The second command builds and installs the drivers for your kernel. If you get an error about the package command not being found, just re-run the command. I’ve sometimes had to run it multiple times for some reason.

While not required, you should also reboot after installing the driver.

Fedora 25 and later: You might be able to force support of the driver for Fedora 25 by changing the scripts to look for “fc25” instead of “fc24”. I have not tried this, so I cannot speak to whether it will work.

Throughput and jumbo frames

In many discussions about 10GbE, jumbo frames comes up. Many have wondered if they need to use jumbo frames to maximize throughput or performance. And the answer largely is “that depends”.

If you are using optical fiber with 10GBase-SR transceivers, jumbo frames is completely unnecessary since optical fiber has a super low latency and is virtually immune to interference.

It largely depends on what you use to measure throughput. iPerf, I’ve found, is far from accurate. It’s great for measuring throughput between two points in a network, but not for hopping junctions.
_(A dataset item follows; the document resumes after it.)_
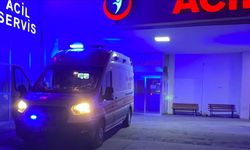 Askeri aracın devrildiği kazada üsteğmen şehit oldu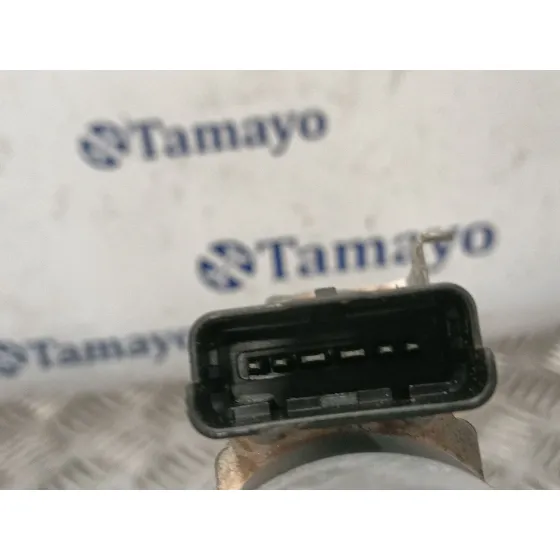 Elevalunas Delantero Izquierdo para Nissan Pathfinder (R51)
For example, iPerf reports throughput between my NAS (Nasira) and the switch of about 9.4Gbit, probably as good as I’m going to get. And it reports about 9.3Gbit to 9.4Gbit between Mira and the switch. But between Mira and Nasira, hopping across the switch and jumping between NICs, it reported 4.4Gbit. So what gives?

Have a look at these two file transfers:

This is transferring a file from the Nasira to Mira. Jumbo frames off. The same connection for which iPerf reported 4.4Gbit throughput. The difference is the first transfer was a non-cached transfer: FreeNAS was reading the file from the ZFS array directly and serving it back to me. Pretty impressive transfer speed unto itself.
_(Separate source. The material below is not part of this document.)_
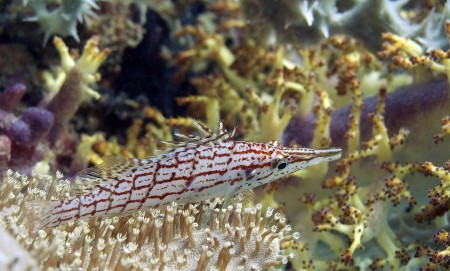 Longnose Hawkfish (Oxycirrhites typus) [available light]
But the faster transfer speed, the one sticking to about 850MB per second, is a cached transfer, meaning FreeNAS had the file cached in RAM. Still not a full 10Gbit transfer, but I doubt jumbo frames would max it out since FreeNAS is likely the limitation here since my SSD is a Samsung 950 Pro.

So you should not need to enable jumbo frames to see maximum performance.